The ResultSet, the PreparedStatement, and the CallableStatement
interfaces have getSQLXML() methods for retrieving a SQLXML data type.
PreparedStatement and CallableStatement also have setSQLXML() methods
to add SQLXML objects as parameters.

The SQLXML resources can be released by calling their free() methods,
which might prove pertinent where the objects are valid in long-running
transactions. DatabaseMetaData's getTypeInfo() method can be called on
a datasource to check if the database supports the SQLXML data type,
since this method returns all the data types it supports.

Connections and Statements
The Connection interface definitions have been enhanced to analyze
connection state and usage to facilitate efficiency.

Sometimes database connections are unusable though they may not
necessarily be closed and garbage collected. In such situations, the
database appears slow and unresponsive. In most of these circumstances,
reinitializing the connections is perhaps the only way to resolve the
problem. When using the JDBC API prior to version 4.0, there is no way
to distinguish between a stale connection and a closed connection. The
new API adds an isValid() method to the Connection interface to query
if the connection is still valid.

Also, database connections are often shared among clients, and
sometimes some clients tend to use more resources than others, which
can lead to starvation-like situations. The Connection interface
defines a setClientInfo() method to define client-specific properties,
which could be utilized to analyze and monitor resource utilization by
the clients.

RowId
The RowId in many databases is a unique way to identify a row in a
table. Queries using RowId in the search criteria are often the fastest
way to retrieve data, especially true in the case of the Oracle and DB2
databases. Since java.sql.RowId is now a built-in type in Java, you
could utilize the performance benefits associated with its usage.
RowIds are most useful in identifying unique and specific rows when
duplicate data exists and some rows are identical. However, it is
important to understand that RowIds often are unique only for a table
and not for the entire database; they may change and are not supported
by all databases. RowIds are typically not portable across datasources
and thus should be used with caution when working with multiple
datasources.

A RowId is valid for the lifetime defined by the datasource and as long
as the row is not deleted. The DatabaseMetadata.getRowIdLifetime()
method is called to determine the RowId's lifetime. The return type is
an enumeration type as summarized in the table below.

RowIdLifetime enum type Definition
ROWID_UNSUPPORTED Datasource does not support RowId type
ROWID_VALID_OTHER Implementation-dependent lifetime
ROWID_VALID_TRANSACTION Lifetime is at least the containing
transaction
ROWID_VALID_SESSION Lifetime is at least the containing session
ROWID_VALID_FOREVER Unlimited lifetime

The ROWID_VALID_TRANSACTION, ROWID_VALID_SESSION, and
ROWID_VALID_FOREVER definitions are true as long as the row is not
deleted.

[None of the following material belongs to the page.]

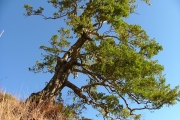 <strong>Celastraceae - Cassine orientalis - (Jacq.) Kuntze</strong><br />© Baret Stéphane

It is important to understand that a new RowId is assigned if
a row is deleted and reinserted, which sometimes could happen
transparently at the datasource. As an example, in Oracle, if the
"enable row movement" clause is set on a partitioned table and an
update of the partition key causes the row to move from one partition
to another, the RowId will change. Even without the "enable row
movement" flag with the "alter table table_name" move, the RowId could
change.

Both the ResultSet and CallableStatement interfaces have been updated
to include a method called getRowID(), which returns a javax.sql.RowId
type.

Listing 3 shows how RowId could be retrieved from a ResultSet and from
a CallableStatement.

Listing 3. Get RowId

//The method signatures to retrieve RowId from a ResultSet is as
follows:
RowId getRowId (int columnIndex)
RowId getRowId (String columnName)
...

Statement stmt = con.createStatement ();

ResultSet rs = stmt. ExecuteQuery (...);

while (rs.next ()) {

...

java.sql.RowId rid = rs.getRowId (1);

...

}

//The method signatures to retrieve RowId from a CallableStatement is
as follows:
RowId getRowId (int parameterIndex)
RowId getRowId (String parameterName)

Connection con;
...

CallableStatement cstmt = con.prepareCall (...);
...

cstmt.registerOutParameter (2, Types.ROWID);

...

cstmt.executeUpdate ();

...

java.sql.RowId rid = cstmt.getRowId (2);

The RowId can be used to refer uniquely to a row and thus can be used
to retrieve the rows or update the row data. When fetching or updating
using RowId references, it is important to know the validity of the
RowId's lifetime to assure consistent results. It is also advisable to
simultaneously use another reference, such as the primary key, to avoid
inconsistent results in circumstances where the RowId could change
transparently.

The RowId values can also be set or updated. In the case of an
updateable ResultSet, the updateRowId() method could be used to update
the RowId for a particular row in a table.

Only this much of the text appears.